ADR-0668: AI Derived Table Provenance

  • Status: Proposed
  • Date: 2026-05-21
  • Deciders: Lusoris maintainers
  • Tags: ai, training, provenance, parquet

Context

The AI refresh pipeline now produces multiple local FULL_FEATURES parquet tables before any model export happens: K150K/FR-from-NR extraction, merged multi-corpus tables, and post-hoc CHUG/K150K metadata enrichment. Those files are gitignored and can be large, so the repository cannot rely on committed bytes to prove which inputs, feature schema, backend split, or command-line arguments produced them.

ADR-0661 introduced aiutils.run_manifest.build_run_provenance() for training/export JSON sidecars. The remaining gap is the table-building layer itself. If refreshed tables are anonymous, later HDR/MOS regressors and vmaf-tune encoder profiles can inherit stale or unreplayable data even when their own trainer manifests are correct.

Decision

Operator-facing scripts that create or reshape refreshed FULL_FEATURES parquet tables must emit a JSON manifest sidecar by default:

  • ai/scripts/extract_k150k_features.py writes <out>.manifest.json with feature order, extractor split, backend worker counts, restart counters, parquet row count, and run_provenance.
  • ai/scripts/combine_full_feature_parquets.py writes <out>.manifest.json with per-input labels, row counts, missing-feature fill lists, aggregate corpus distribution, output column order, and run_provenance.
  • ai/scripts/enrich_k150k_parquet_metadata.py writes <out>.manifest.json with metadata match/update counters, available metadata keys, overwrite policy, and run_provenance.

Each script accepts --manifest-out for experiment bundles that keep the manifest somewhere other than the default sibling path.

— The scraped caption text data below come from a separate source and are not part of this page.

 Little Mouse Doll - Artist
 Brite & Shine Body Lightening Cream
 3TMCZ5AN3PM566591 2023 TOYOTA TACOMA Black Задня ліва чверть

Existing parquet row schemas remain unchanged.

Alternatives considered

Option Pros Cons Why not chosen
Sidecar manifests on each derived table Replayable local artifacts; reuses ADR-0661 helper; no parquet schema churn Adds one small JSON file per run Chosen; it closes the evidence gap without touching model inputs.
Store provenance inside parquet metadata Keeps one file per artifact Harder to inspect with standard tools; many local scripts rewrite parquet through pandas and may drop custom metadata Rejected; human-readable JSON is easier to audit and preserve.
Only document the commands in .workingdir2 notes No code change Notes drift from actual invocations and are not consumed by trainer/model-card tooling Rejected; the scripts must stamp the artifact they create.
Defer until the K150K/CHUG runs finish Avoids touching scripts during a long refresh The finished table would still be unreplayable and every downstream model would inherit that gap Rejected; provenance should be in place before the next full refresh table is trusted.

Consequences

  • Positive: Refreshed AI training tables can be traced back to inputs, args, output targets, feature schema, and row counts without shell history.
  • Positive: Metadata-enriched CHUG/K150K parquet files can be distinguished from freshly extracted tables in later HDR model cards.
  • Negative: Local runs create an additional small JSON sidecar that operators need to keep with the parquet artifact.
  • Neutral / follow-ups: Future table builders should adopt the same helper before they become operator-facing; no existing model input column order changes in this ADR.

References

  • ADR-0661
  • docs/ai/training.md
  • Source: req "batch things that are connected and create them"
  • Source: req "everything we did so far needs updates"